Our work represents a new strategy for human behavior recognition in human–robot interaction. Since human being is a social animal and it can handle a social situation in a fast and appropriate way, the idea is to develop a multimodal perceptual module inspired to the human brain. Concerning previous works, the proposed architecture is composed by a confined number of modules organized in a hierarchical structure, influenced by findings of Theory of Mind. Furthermore, the hierarchical structure underlines the abstraction process developed to transform raw data into meaningful behavioral descriptors. This work provides a solution to the proper features selection and descriptors to capture human social signals by combining insights coming from social signal processing. By automatic assessing of human behavior, the system contributes to the implementation of a robotic social intelligence.

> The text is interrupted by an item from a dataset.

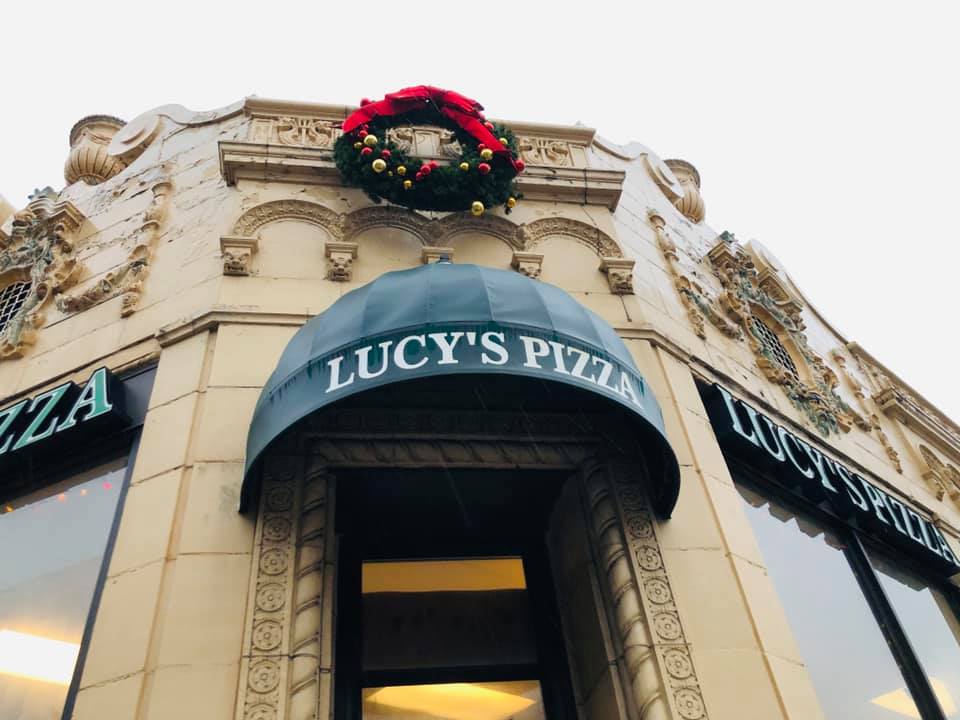 Lucy's signature pizza with fresh ingredients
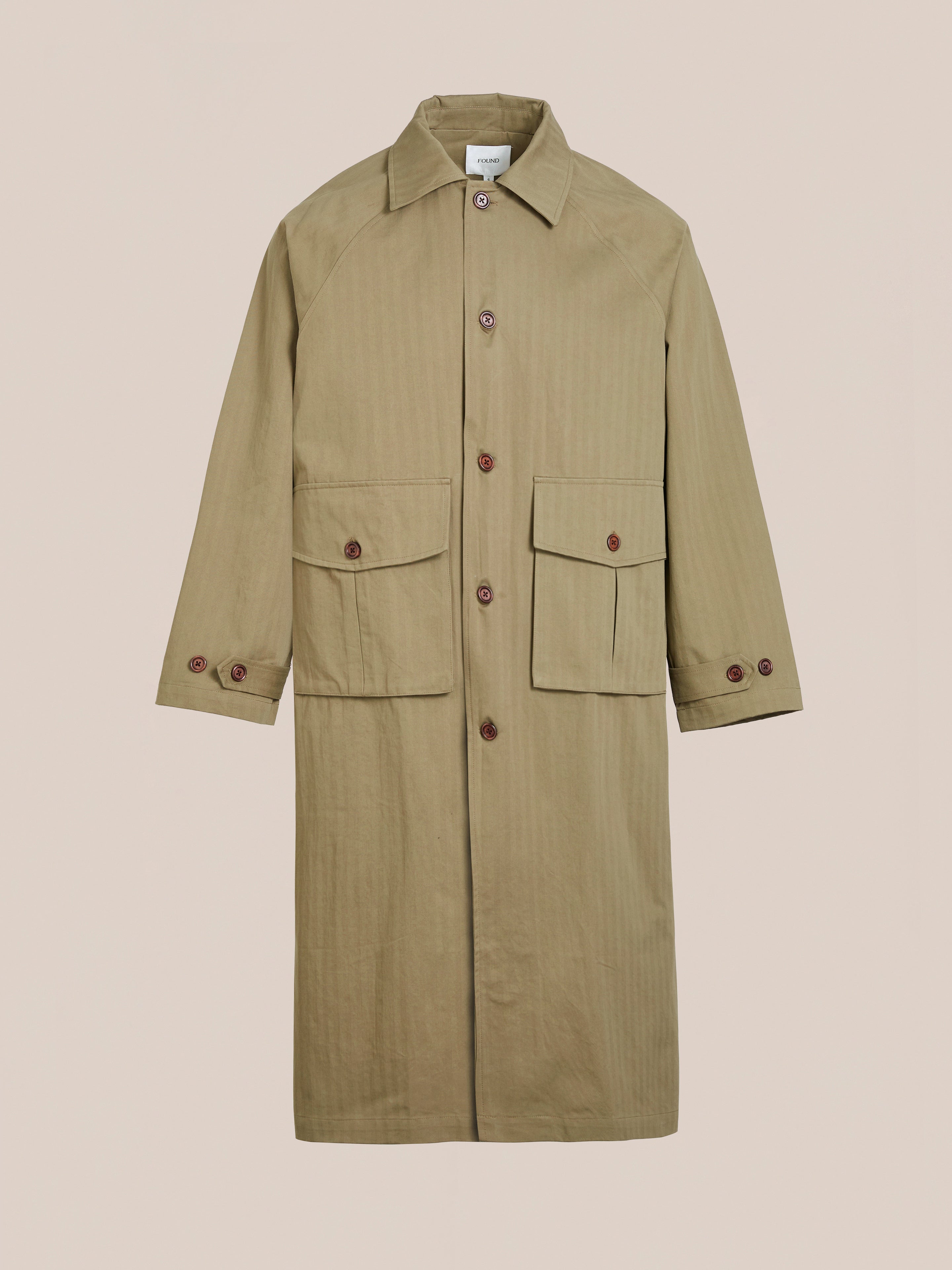 Tan Herringbone Twill Trench Coat by FOUND with a relaxed fit, utility pockets, and buttoned cuffs. Displayed on a plain background.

A limitation of the proposed system is relative to the absence of decision-making, planning, and acting modules. A possible approach is to re-create them in a brain-inspired way and to provide a complete interaction system. For example, the decision-making process can be included by adding an orbital prefrontal module, able to select the most appropriate robot’s response based on the detected human behavior.

Another limitation regards the lack of availability of datasets to train the features extraction models. To make the system working for elderly users, the learning models should be trained on them. One possibility to overcome this issue is to organize an ad-hoc experimental session to collect raw data of interest. By increasing the features datasets, it is possible to increase the training dataset also fed into the behavioral pattern generation model. It will lead to a more reliable recognition system.

As specified above, the aim of this work is to describe a novel perceptual model for human behavior recognition based on selected social cues, expressed by the user involved in the interaction. This work details the theorical background and the insights behind some designing choices. As future works, we will organize specific experimental sessions to test the proposed architecture, developed by using the approaches described in this paper. Besides, we will like to improve the system by enhancing the abstraction process. Future development involves the abstraction of social signals into social actions so that to have a system able to detect the social role [37] and the intentions of a person. It is possible to reach this aim by integrating the perception module with a memory structure continually updated with robot’s experiences.